The analysis in Humphrey proceeded as follows:
In the present case, the defendant voluntarily went with the State police to be interrogated. Several of the State police officers who were involved in the interrogation testified that the defendant was not under arrest initially and could have left at any time of his own free will. Before the interrogation, the defendant was a suspect in the case, but it is not clear, based upon the record, that the police had probable cause to arrest until he orally confessed by stating, “I did it.” It was at this point shortly after 9:00 p.m. that the prompt presentment rule was triggered.
Id. at 268,
In syllabus point two of State v. Hosea,
The Court is constitutionally obligated to give plenary, independent, and de novo review to the ultimate question of whether a particular confession was obtained as a result of the delay in the presentment of a juvenile after being taken into custody before a referee, circuit judge, or a magistrate when the primary purpose of the delay was to obtain a confession from the juvenile. The factual findings upon which the ultimate question of admissibility is predicated will be reviewed under the deferential standard of clearly erroneous.
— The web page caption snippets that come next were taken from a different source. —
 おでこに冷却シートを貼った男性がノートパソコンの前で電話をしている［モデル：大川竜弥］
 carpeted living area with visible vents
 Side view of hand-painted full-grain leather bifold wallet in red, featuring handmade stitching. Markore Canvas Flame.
Applying that standard of review, this Court competently navigated the facts and procedural requirements relevant to Hosea, a case very similar to the one to which I am presently dissenting. In Hosea, the juvenile also challenged the admission of his confession given prior to presentment to a magistrate under West Virginia Code § 49-5-8(d).
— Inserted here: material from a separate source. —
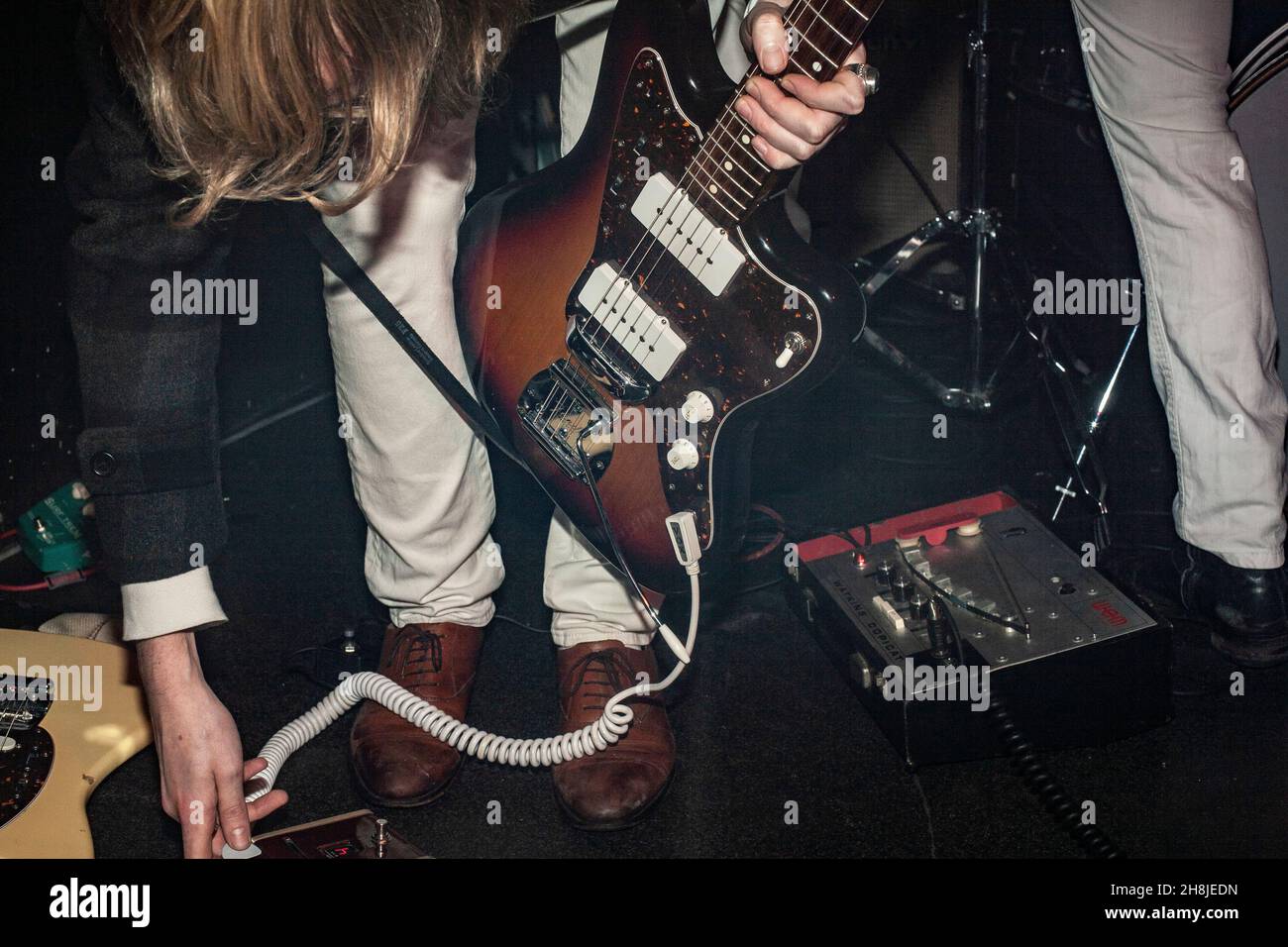 uomo che scollega la chitarra elettrica in uno studio di prove. Foto Stock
(1) there was a substantial delay between the time the defendant was taken into custody and the time he was presented to a magistrate in Summers County; (2) prior to the time the defendant was presented before the magistrate in Summers County, a statement was taken from the defendant*97 in which he described what occurred during the critical times on September 18, 1994; (3) the statement was obtained from the defendant after he had an opportunity to confer in person with his mother and after he was advised of and waived his rights to which he was entitled under Miranda v. Arizona,384 U.S. 436 ,86 S.Ct. 1602 ,16 L.Ed.2d 694 (1966).
Id. at 69,
I disagree with the majority on two major elements encompassed within the prompt presentment discussion. First, I disagree regarding the point at which the prompt presentment rule was activated. The triggering event is not upon suspicion, not upon initial questioning, not upon denials of involvement, but only upon the advent of probable cause to arrest. Second, even if the majority had determined that the prompt presentment rule had been triggered, a confession prior to presentment is not invalidated unless the primary purpose of the delay in presentment was to obtain a confession. Either avenue would have resulted in an affir-mance of the determination of the lower court.
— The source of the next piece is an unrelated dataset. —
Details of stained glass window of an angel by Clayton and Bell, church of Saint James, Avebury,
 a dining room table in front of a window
I am also troubled by the majority’s ineffective management of the issue of admissibility of the physical evidence. The majority appears to conclude that the admissibility is an issue for consideration on remand by stating as follows:
We cannot discern from the record that the confessions were the only sources leading the police to the discovery of the physical evidence, and it appears that there might have been consents, other than those given by Stephfon W. and George W., which impact on the admissibility of this evidence. In light of the Court’s confusion on this point, we believe that, upon remand, the trial court should take such steps as are reasonably necessary to develop the full facts surrounding the seizure of the physical evidence and should then reassess the admissibility of that evidence in light of the law.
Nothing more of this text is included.